TPL-001-5 (Transmission System Planning Performance Requirements). This standard establishes transmission system planning performance requirements within the “planning horizon” to develop a bulk power system that operates over a “broad spectrum of system conditions,” and will withstand a “wide range of probable contingencies.” Essentially, it will require every planning coordinator and transmission planner to perform annual planning assessments of their portion of the system considering a number of system conditions and contingencies, using a risk-based approach.
The standard is expected to affect 214 planning coordinators and transmission planners, including “small entities,” which will need to bear “one-time costs” of about $1,980 to implement the standard.
As NERC noted, the standard was necessary after a 2009 report found that three significant system disturbances between 2004 and 2009 were each caused by the failure of a single component of a protection system. Five years later, after collecting data from transmission planners to assess protection system single points of failure, NERC moved to modify the 2015-adopted TPL-001-4 to implement recommendations from the study, and planned maintenance outages and stability analysis for spare equipment strategies.

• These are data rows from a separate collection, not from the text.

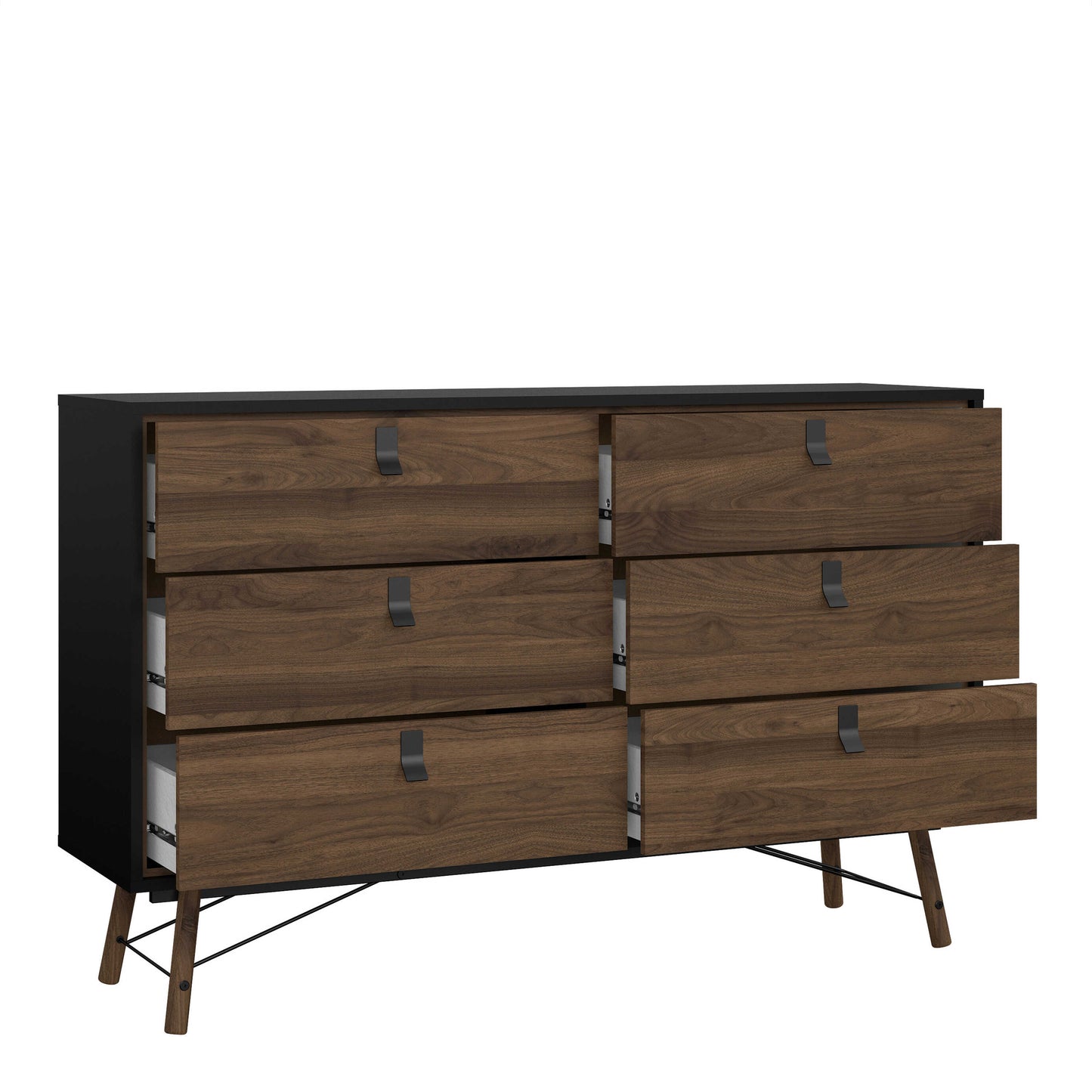 Juno Black and Walnut Wood Wide Double Chest of 6 Drawers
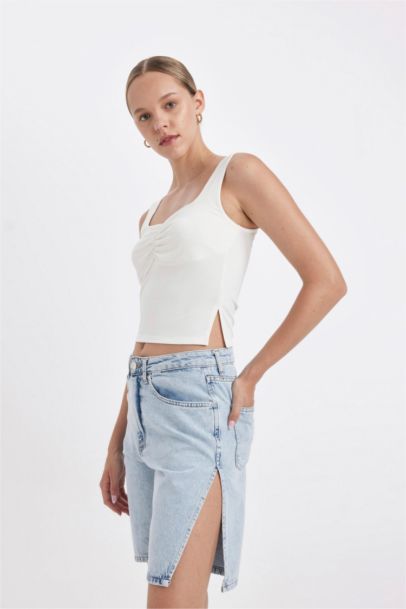 High Waist Denim Bermuda Shorts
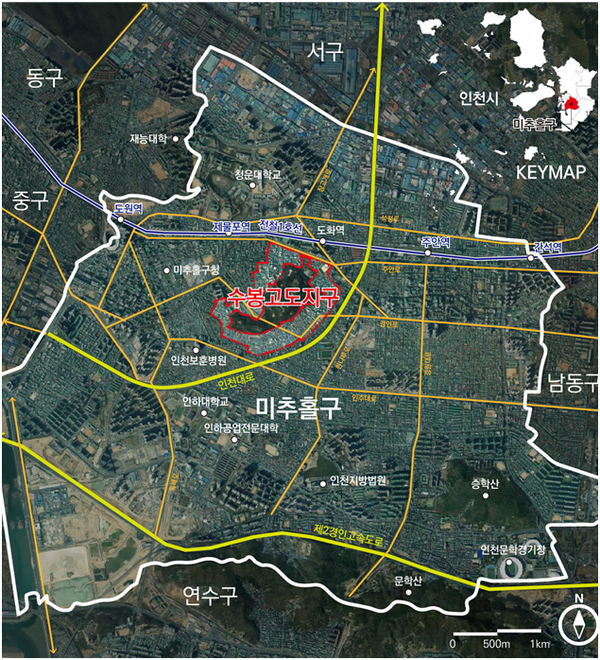 수봉 고도지구 위치도  제공/ 인천시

In its final order, however, FERC declined to pursue proposals that it would be reasonable to address single points of failure in combination with three-phase faults as “extreme events” without requiring corrective action plans. “Although the Commission previously noted that there is an average of approximately one three-phase fault event every three months since 2011, only ten indicated instances of a protection system single point of failure, which we agree is a rare occurrence,” it reasoned.
CIP-012-1 (Cyber Security – Communications between Control Centers). This standard essentially serves to protect the confidentiality and integrity of real-time assessment and real-time monitoring data transmitted between Control Centers. NERC filed the standard in response to a FERC 2016–issued Order 822.
As the federal regulatory agency noted, the new standard improves on the 11 existing critical infrastructure protection (CIP) standards by “supporting situational awareness and reliable bulk electric system operations.” However, in its new order, FERC went further and directed NERC to develop and submit modifications to the CIP Reliability Standards to require protections regarding the availability of communication links and data communicated between bulk electric system control centers. FERC, however, declined to adopt a directive proposed in Order 822 for NERC to develop modifications to the CIP Reliability Standards to identify the types of data that must be protected under Reliability Standard CIP-012-1. FERC reasoned that comments filed in response to the proposed rule convinced it that further clarification is not necessary.
The new standard will affect 719 entities, including reliability coordinators, generator operators and owners, transmission operators, balancing authorities, and transmission owners. FERC estimated that about 82% of the affected parties are “small entities” that will incur a total cost in the first year of compliance of $49,067 (half of which will be for paperwork alone). In the second and third years, annual paperwork costs will drop to $7,594, FERC said.